Sometimes discussions on Christian liberty revolve around what Christians should or should not do. But our main focus needs to be on what Christ has already done for us. We will see this more clearly in the first paragraph of this chapter.
Second, this chapter serves as the beginning of a new section in the Confession on how to please and glorify God in many areas of life. Jim Renihan says, “This is what our Puritan fathers did: [this chapter] was not just placed in this position because something needed to be said about Christian liberty. Rather, this chapter was positioned at the head of an entire section because it was of fundamental importance to understand. As a result, we have an entire unit, ‘God-Centered Living: Freedom and Boundaries,’ in which Christian liberty is worked out in many different ways.” ((Jim Renihan, A Toolkit for Confessions, 79.))

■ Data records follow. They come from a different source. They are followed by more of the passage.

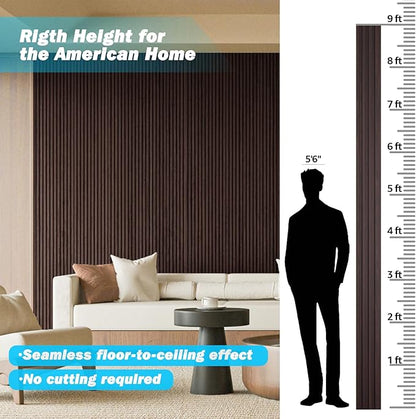 Art3d Slat Wood Wall Paneling for Interior and Ceiling Decoration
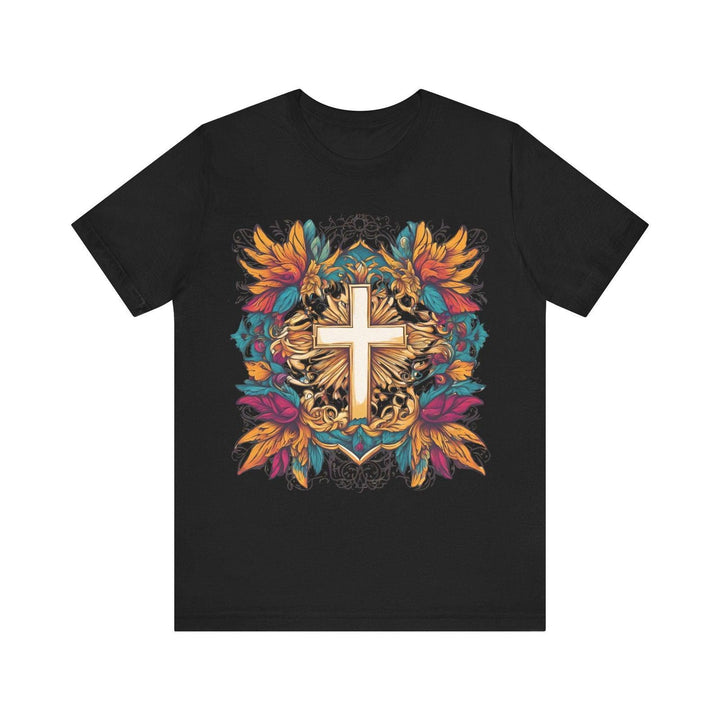 Christian Radiant Cross T Shirt | Black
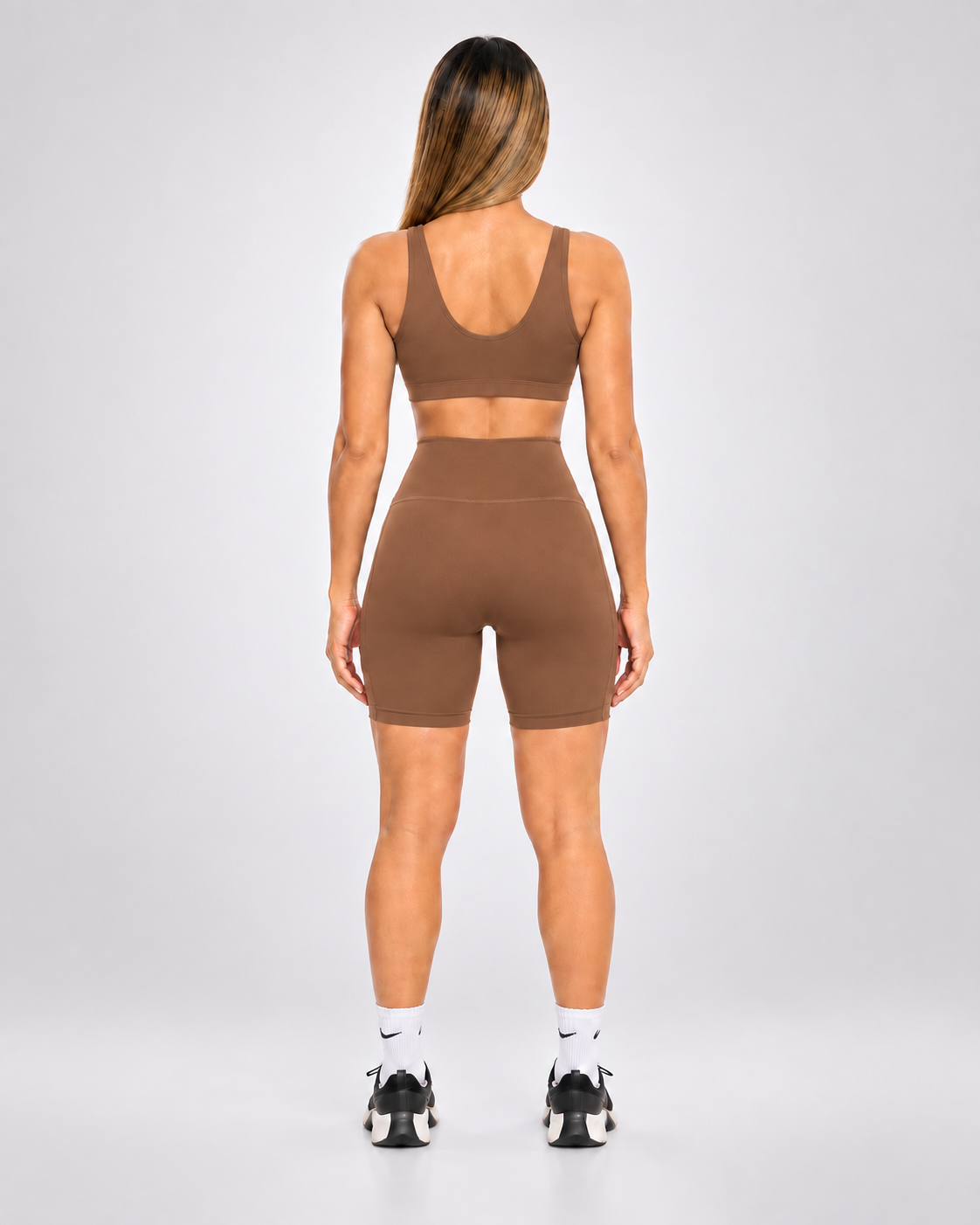 Crop Top Deportivo Claro Camel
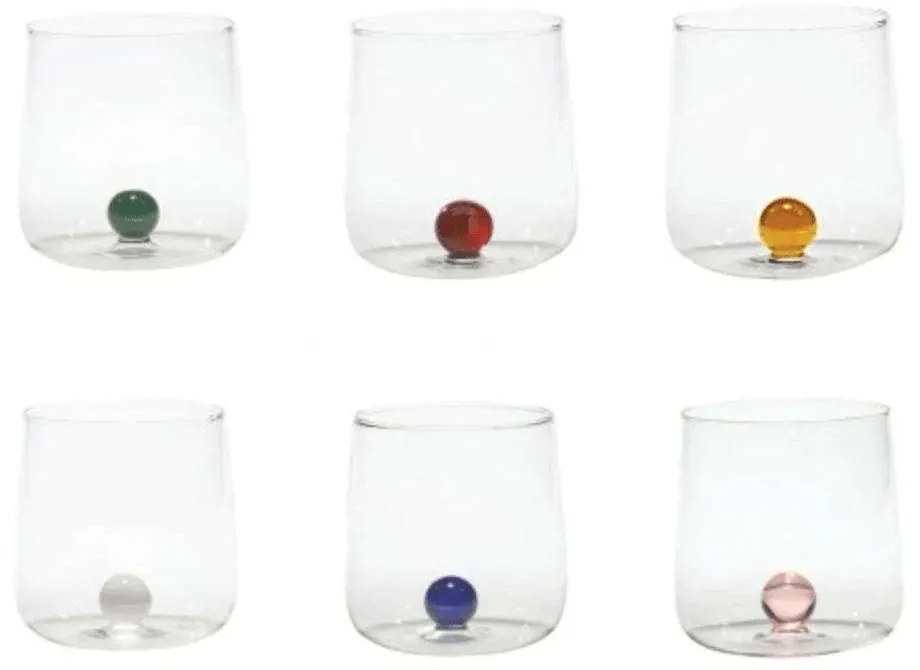 Ποτήρι Bilia (Σετ 6Τμχ) BA00199 440ml Multi Zafferano Glass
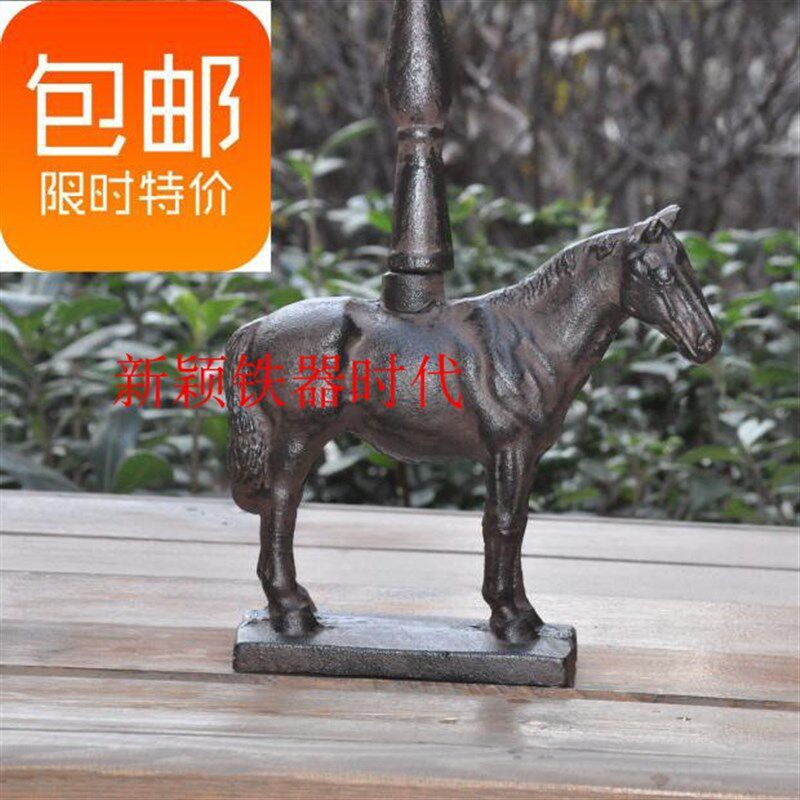 欧式铸铁工艺品 铁艺贵族复古门挡庭院装饰摆件门顶门档酒吧创意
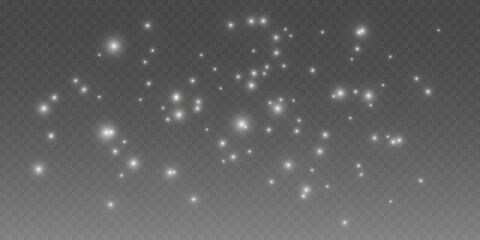 The dust sparks and golden stars shine with special light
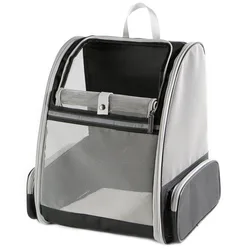 Mochila transportadora para gatos transpirable y plegable portátil
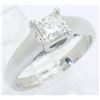 Image 5 : 0.70ct Diamond Ring - 14KT White Gold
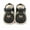 Black, variant on piuwrlz Antis Slip Shoes For Toddler Girls Prewalker Soft Antiskid Soft Sole Babys Shoe Gold Size 0-3 Months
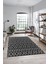 3D Kilim Desen Özel Dijital Kaymaz Yıkanabilir Yolluk Mutfak Salon Halısı Modern-84-Antrasit 2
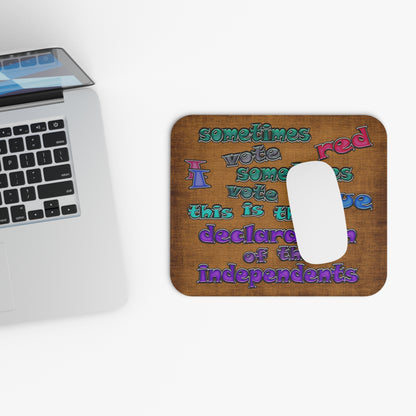 declaration of the independents - Mouse Pad (Rectangle) (brown papyrus)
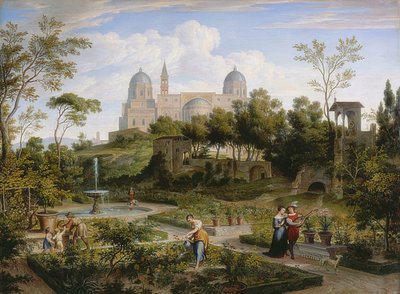 Santa Maria Maggiore i Rom. Um 1808 av Joseph Anton Koch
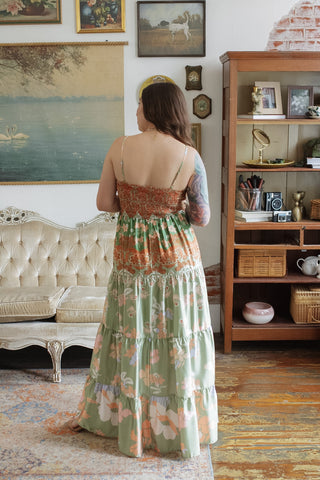 Sienna Satin Floral Maxi Dress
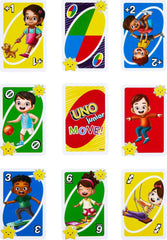 Mattel Games UNO Junior Move colorblind symbols help all players identify colors
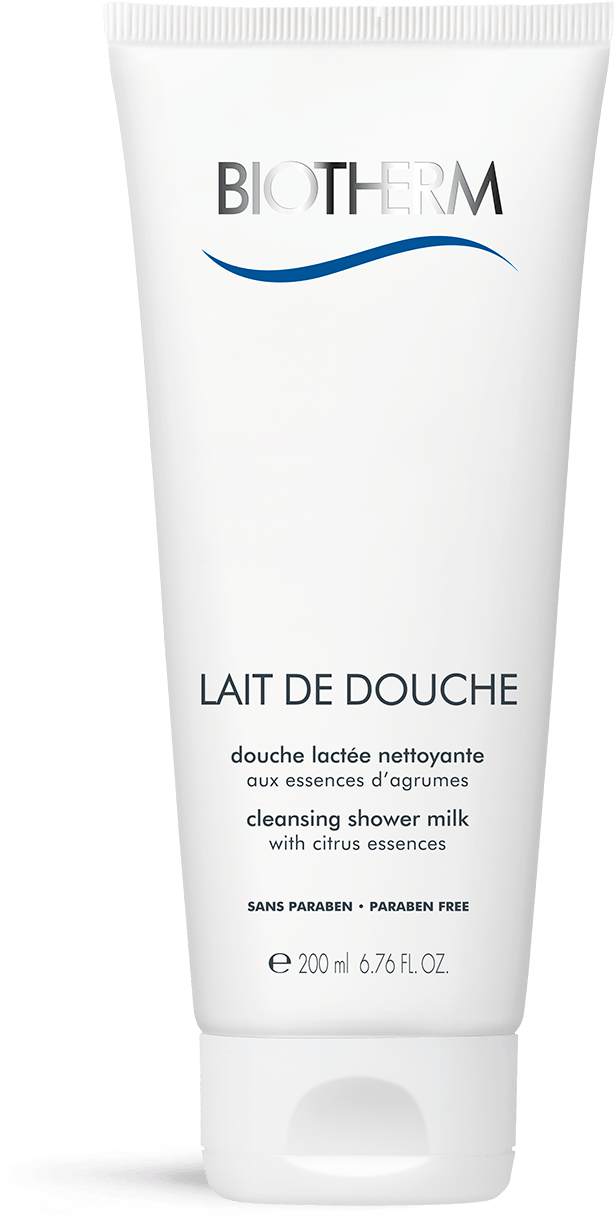 Biotherm Body Care Lait Corporel Shower Milk 200 Ml (1140x1230), Png Download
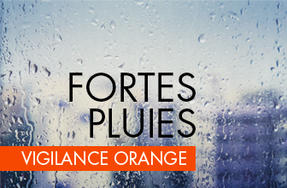 Météo : Vigilance orange Pluie-Inondation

He explains what he means in these words: “. . . the first six chapters [of the Confession] set out foundational doctrines, followed by a lengthy section which teaches about covenant theology and its implications (chapters 7-20). The next section begins with the chapter Of Christian Liberty and continues through chapter 30. This assertion may surprise some—and perhaps deserves some explanation. The order of the chapters is not arbitrary or accidental. From chapter 21 to chapter 30, every doctrine is affected by the theology of Christian liberty—some more than others—some more overtly and directly—but nonetheless all are affected. . . . In each of these cases, the Confession sets out a framework by which Christians may understand what Christ commands, so that they may be wary of the inventions, intrusions and human legalisms. All these doctrines were, in the 17th century, subject to religious abuse. Their purity had to be expressed in confessional terms. So, this doctrine takes on great importance.” ((Jim Renihan, Reformation Today article entitled “Of Christian Liberty”.))
Christian liberty, then, specifically has to do with religious matters, matters of faith, and morals. It teaches us how we can honor and glorify God in our country, church, and home. So, Christian liberty is a direct result of the gospel and foundational to the way we live our lives before God.
2.) Great men of God have stressed how vital Christian liberty is to the Christian faith.
Listen to what John Calvin, John Owen, and Samuel Bolton have said about the importance of Christian liberty:
John Calvin, Institutes, 3:19:1: “We are now to treat of Christian Liberty, the explanation of which certainly ought not to be omitted by any one proposing to give a compendious summary of Gospel doctrine. For it is a matter of primary necessity, one without the knowledge of which the conscience can scarcely attempt any thing without hesitation, in many must demur and fluctuate, and in all proceed with fickleness and trepidation. In particular, it forms a proper appendix to Justification, and is of no little service in understanding its force. . . . But, as we have said, if the subject be not understood, neither Christ, nor the truth of the Gospel, nor the inward peace of the soul, is properly known.”
John Owen, Works, 15:402: “The second principle of the Reformation, whereon the reformers justified their separation from the church of Rome, was this: ‘That Christian people were not tied up unto blind obedience unto church-guides, but were not only at liberty, but also obliged to judge for themselves as unto all things that they were to believe and practice in religion and the worship of God.’ They knew that the whole fabric of the Papacy did stand on this basis or dunghill, that the mystery of iniquity was cemented by this device,–namely, that the people were ignorant, and to be kept in ignorance, being obliged in all things unto an implicit obedience unto their pretended guides.”
Samuel Bolton, The True Bounds of Christian Freedom, pp. 20-21: “Two great things Christ has entrusted into the hands of His Church — Christian faith and Christian liberty. Just as we are to contend earnestly for the maintenance of the faith (Jude 3), so also for the maintenance of Christian liberty, and that against all who would oppose and undermine it: ‘Stand fast therefore in the liberty wherewith Christ hath made us free’ (Gal. 5.1). Very like this is the exhortation of the same apostle: ‘Ye are bought with a price: be not ye the servants of men’ (2 Cor. 7.23).”
If these towering theologians viewed Christian liberty as “a matter of primary necessity” (Calvin), “The second principle of the Reformation, whereon the reformers justified their separation from the church of Rome,” (Owen), and one of the “Two great things Christ has entrusted into the hands of His Church” (Bolton), I think we should pay close and careful attention to what this chapter teaches us! As Calvin said, “if the subject be not understood, neither Christ, nor the truth of the Gospel, nor the inward peace of the soul, is properly known.”